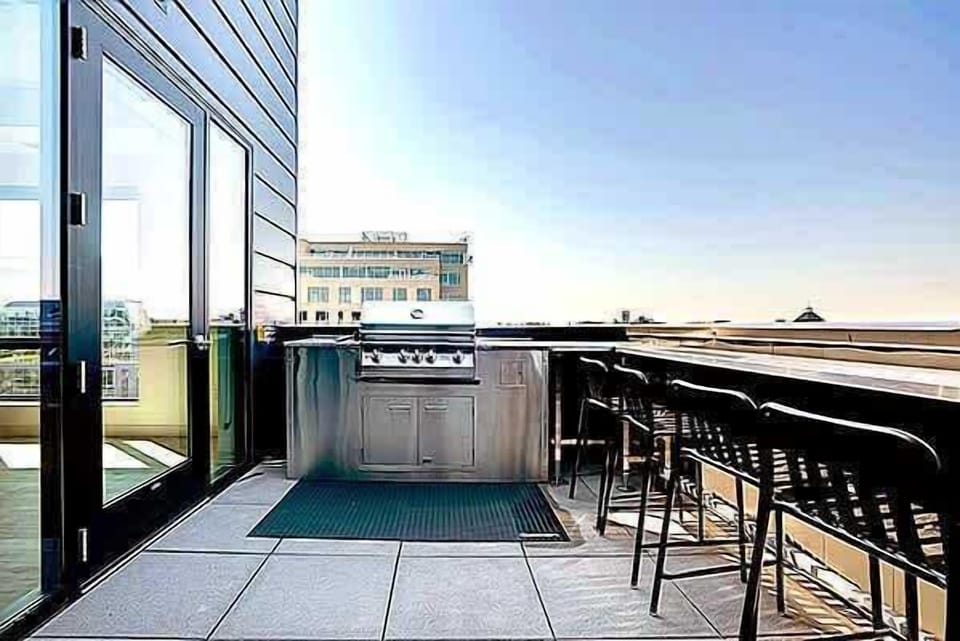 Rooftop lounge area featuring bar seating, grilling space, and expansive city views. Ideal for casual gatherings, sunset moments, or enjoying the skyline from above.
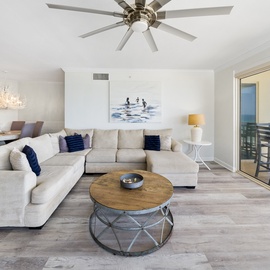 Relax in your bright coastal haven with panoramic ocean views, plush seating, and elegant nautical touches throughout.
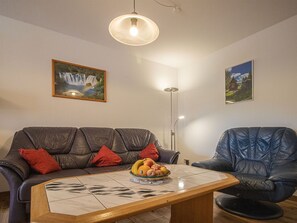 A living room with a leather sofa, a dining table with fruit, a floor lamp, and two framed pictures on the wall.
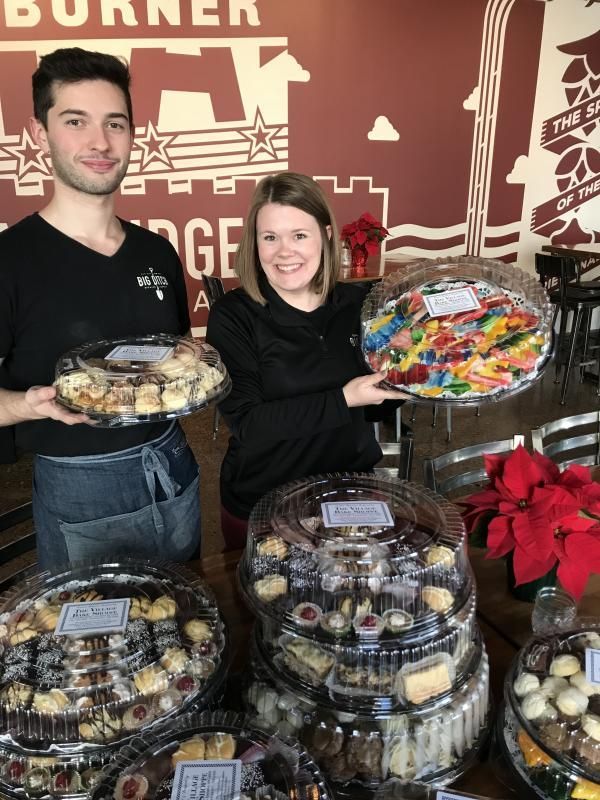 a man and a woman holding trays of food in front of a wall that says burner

> [YOUR OBJECTIVE]
Omit the pictures, then copy out all the data exactly as it stands.

> [EXERCISE OUTPUT]
 Rooftop lounge area featuring bar seating, grilling space, and expansive city views. Ideal for casual gatherings, sunset moments, or enjoying the skyline from above.
 Relax in your bright coastal haven with panoramic ocean views, plush seating, and elegant nautical touches throughout.
 A living room with a leather sofa, a dining table with fruit, a floor lamp, and two framed pictures on the wall.
 a man and a woman holding trays of food in front of a wall that says burner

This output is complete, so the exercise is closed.